- Work request: Please reproduce the entries below exactly, leaving the pictures out.

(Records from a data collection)
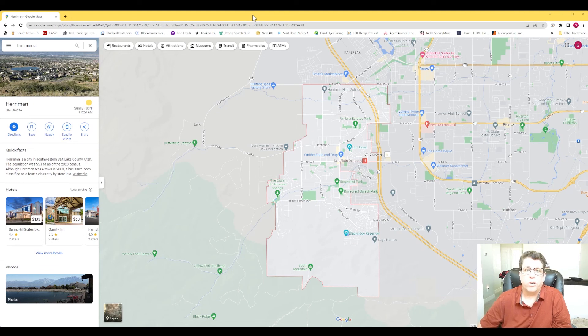Hey there, I'm here today to tell you all about Harriman, Utah — why you would possibly want to live there, what's there to do there, some different places around the town. I'm going to give you a good overview of what Harriman, Utah is all about. So if that's what you want to see, keep watching, and we're going to get started right now.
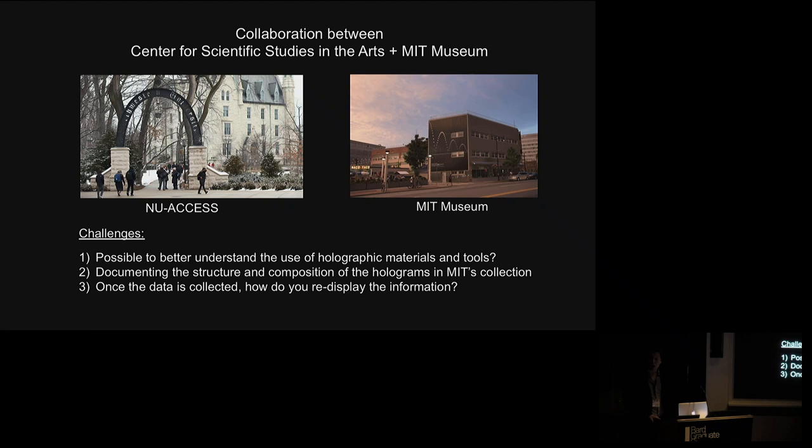In this context, we put together a collaboration with MIT's Museum, which has arguably the best collection of holograms that exists. This is a nascent project and I want feedback from the audience. We posed three challenges: first, could we use better tools to understand holographic materials? Second, how do we document them — there are physical limitations to what can be documented, and I'll show the calculations about the amount of information needed to reconstruct the wavefront. Third, once the data is collected, how do we redisplay it? These are very significant challenges.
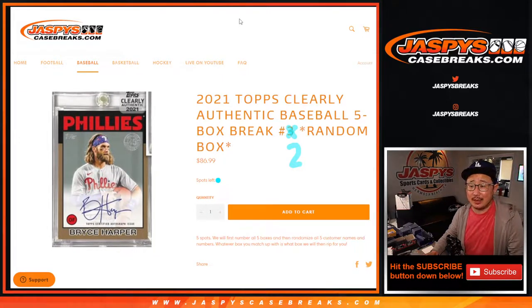Hi everybody, Joe for JaspiesCaseBreaks.com. Brand new release day and it's 2021 Topps Clearly Authentic Baseball. This is 5-box random box break number 2.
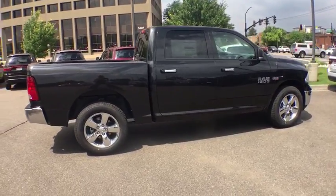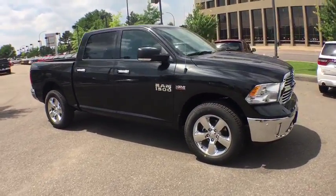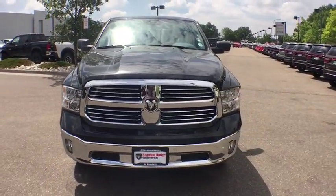Tachometer, tilt steering wheel, head-up display, power heated outside mirrors, privacy glass, tire pressure monitoring system. This beauty is sure to make you the talk of the neighborhood, so call or drop in for a test drive today.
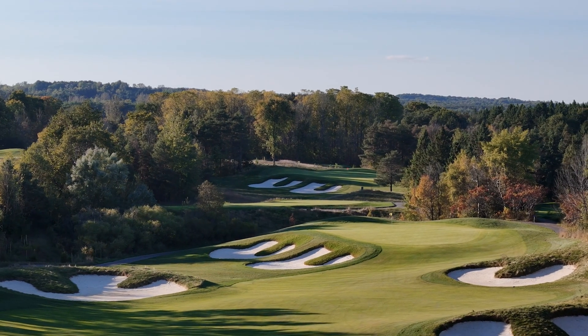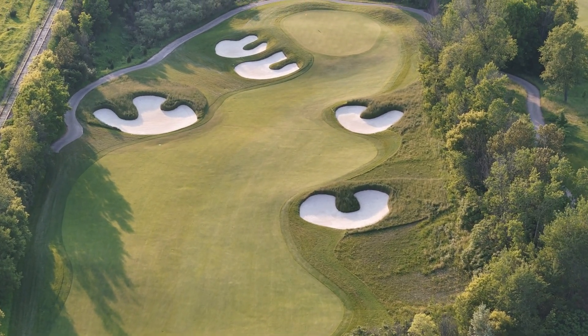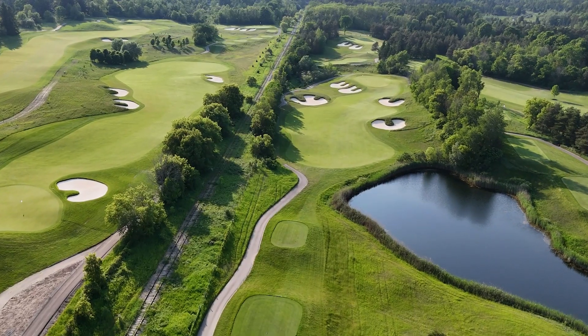Here we are at the sixth hole, which is a reachable par four. We've drawn bunkers in on both sides, and what that does is it makes the passive play — the positional play — a lot harder to make.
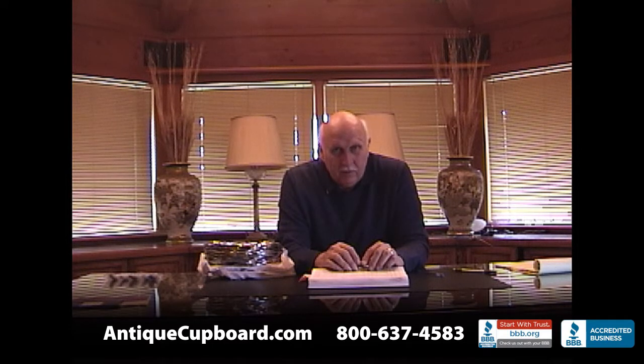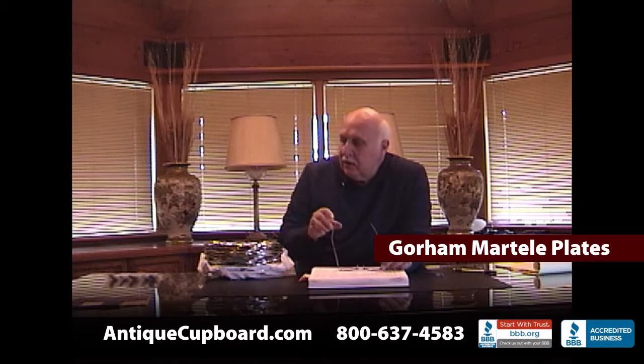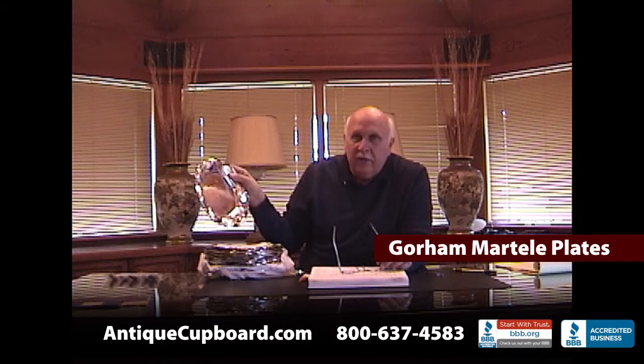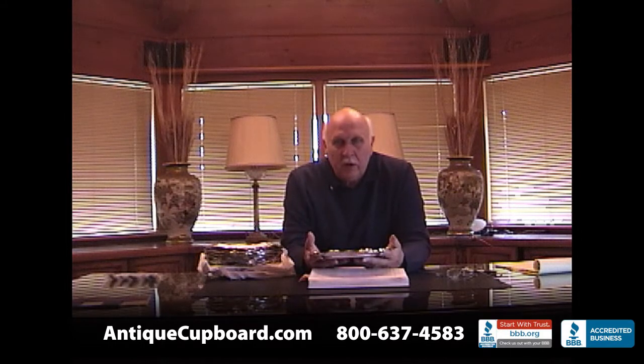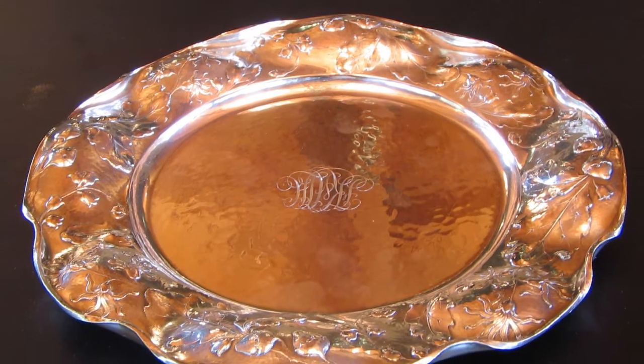It made me think what an incredible bargain silver is compared to art, because the best silver really was art. Last week I got in these Martellay charger plates, dated 1906 on the back. Martellay was made by Gorham from 1898 through the early part of the 20th century. Martellay means 'by hand' — they were all handmade, no machinery used whatsoever. In total, they made about 8,000 pieces. It was the best of the best.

- Problem solution:
Hey there, I'm here today to tell you all about Harriman, Utah — why you would possibly want to live there, what's there to do there, some different places around the town. I'm going to give you a good overview of what Harriman, Utah is all about. So if that's what you want to see, keep watching, and we're going to get started right now.
In this context, we put together a collaboration with MIT's Museum, which has arguably the best collection of holograms that exists. This is a nascent project and I want feedback from the audience. We posed three challenges: first, could we use better tools to understand holographic materials? Second, how do we document them — there are physical limitations to what can be documented, and I'll show the calculations about the amount of information needed to reconstruct the wavefront. Third, once the data is collected, how do we redisplay it? These are very significant challenges.
Hi everybody, Joe for JaspiesCaseBreaks.com. Brand new release day and it's 2021 Topps Clearly Authentic Baseball. This is 5-box random box break number 2.
Tachometer, tilt steering wheel, head-up display, power heated outside mirrors, privacy glass, tire pressure monitoring system. This beauty is sure to make you the talk of the neighborhood, so call or drop in for a test drive today.
Here we are at the sixth hole, which is a reachable par four. We've drawn bunkers in on both sides, and what that does is it makes the passive play — the positional play — a lot harder to make.
It made me think what an incredible bargain silver is compared to art, because the best silver really was art. Last week I got in these Martellay charger plates, dated 1906 on the back. Martellay was made by Gorham from 1898 through the early part of the 20th century. Martellay means 'by hand' — they were all handmade, no machinery used whatsoever. In total, they made about 8,000 pieces. It was the best of the best.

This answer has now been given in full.